All HTML elements in the DOM also implement the HTMLElement interface, which also provides access to the element’s attributes and styling. So when we retrieve an element from the DOM tree, we can modify these.
Let’s tweak the color of the <h1>
element we saved a reference to in the header
variable:
> header.style.color = 'blue';
This will turn the header blue:
All of the CSS properties can be manipulated through the style
property.
In addition, we can access the element’s classList
property, which provides an add()
and remove()
methods that add/remove class names from the element. This way we can define a set of CSS properties for a specific class, and turn that class on and off for an element in the DOM tree, effectively applying all those properties at once.
We can create new elements with the Document.createElement method. It takes the name of the new tag to create as a string, and an optional options map (a JavaScript object). Let’s create a new <p>
tag. In the console:
> var p = document.createElement('p');
Now let’s give it some text:
> p.textContent = "Tra-la-la";
Up to this point, our new <p>
tag isn’t rendered, because it isn’t part of the DOM tree. But we can use the Node.appendChild method to add it to an existing node in the tree. Let’s add it to the <div.banner>
element. Type this command into the console:
document.querySelector('div.banner').appendChild(p);
As soon as it is appended, it appears on the page:
Note too that the CSS rules already in place are automatically applied!
The popular JQuery library was created primarily as a tool to make DOM querying and manipulation easier at a time when browsers were not all adopting the w3c standards consistently. It provided a simple interface that worked identically in all commonly used browsers.
The JQuery function (commonly aliased to $()
) operates much like the querySelectorAll()
, taking a CSS selector as an argument and returning a collection of matching elements wrapped in a JQuery helper object. The helper object provided methods to access and alter the attributes, style, events, and content of the element, each returning the updated object allowing for functions to be ‘chained’ into a single expression.
The above example, rewritten in JQuery, might be:
$('p').text('Tra-la-la').appendTo('div.banner');
While modern browsers are much more consistent at supporting standardized JavaScript, JQuery remains a popular library and one you will likely encounter.

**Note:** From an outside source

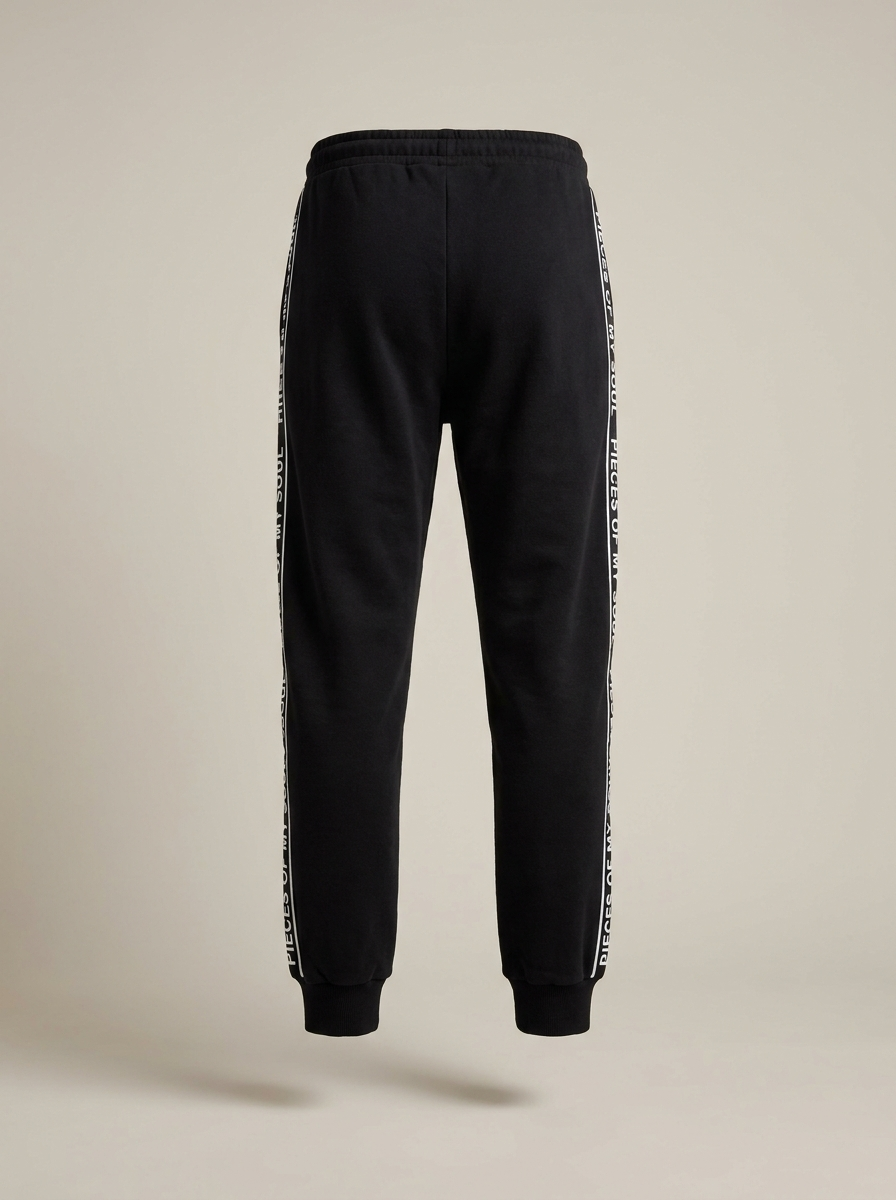 Black POMS joggers, back view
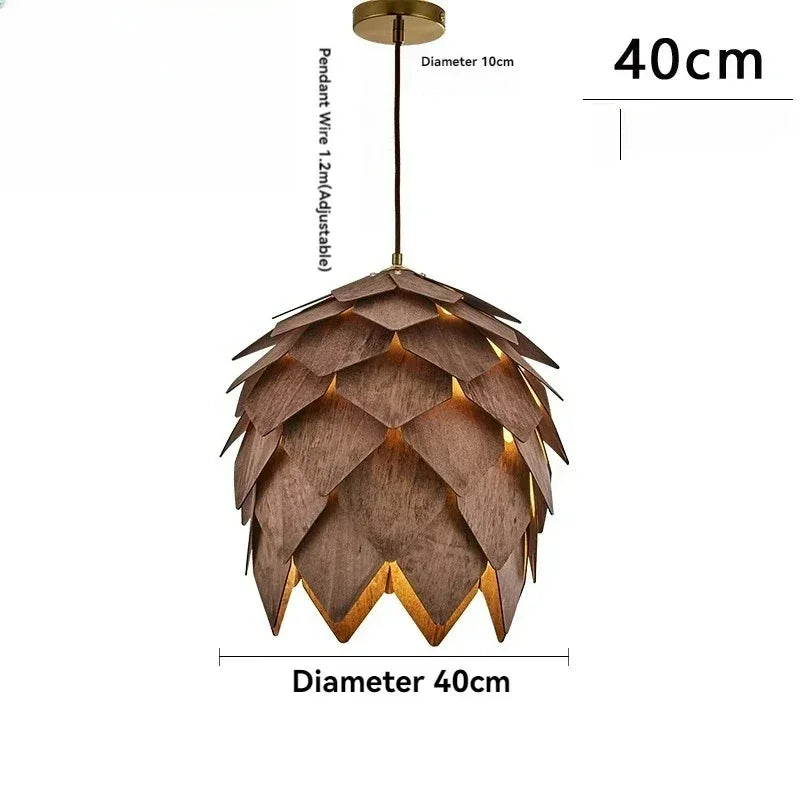 Mia Wood Pine Cone Chandelier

Thus, while this text focuses on ‘vanilla’ JavaScript, we’ll also occasionally call out JQuery approaches in blocks like this one.
It should be no surprise that JavaScript features events - after all, we’ve already seen how the EventTarget interface allows us to attach event listeners to elements in the DOM tree. What might not be clear yet is how events are handled by JavaScript. JavaScript uses an event loop to process events. This is similar to Windows and other operating systems also handle events.
An event loop expressed in code looks something like:
function main
initialize()
while message != quit
message := get_next_message()
process_message(message)
end while
end function
It’s basically an infinite loop that responds to messages, one message at a time. It might be more useful to see a visual representation:
Here we see not just the event loop, but also the event queue. This is a queue that holds events until the event loop is ready to process them. It works like the first-in-first-out queues you built in your data structures course (although it may also consider priorities of events).
On the far right are some common sources for JavaScript events - user input, the network, and timers. These are often managed by the operating system, and with modern multiple-processor computers can happen concurrently, i.e. at the same time. This is one reason the queue is so important - it allows JavaScript to process the events one at a time.
When the JavaScript VM has finished executing its current work, it pulls the next event from the event queue. This event is processed by the corresponding event listener function that either 1) you wrote, or 2) is the default action. If neither exists, the event is discarded.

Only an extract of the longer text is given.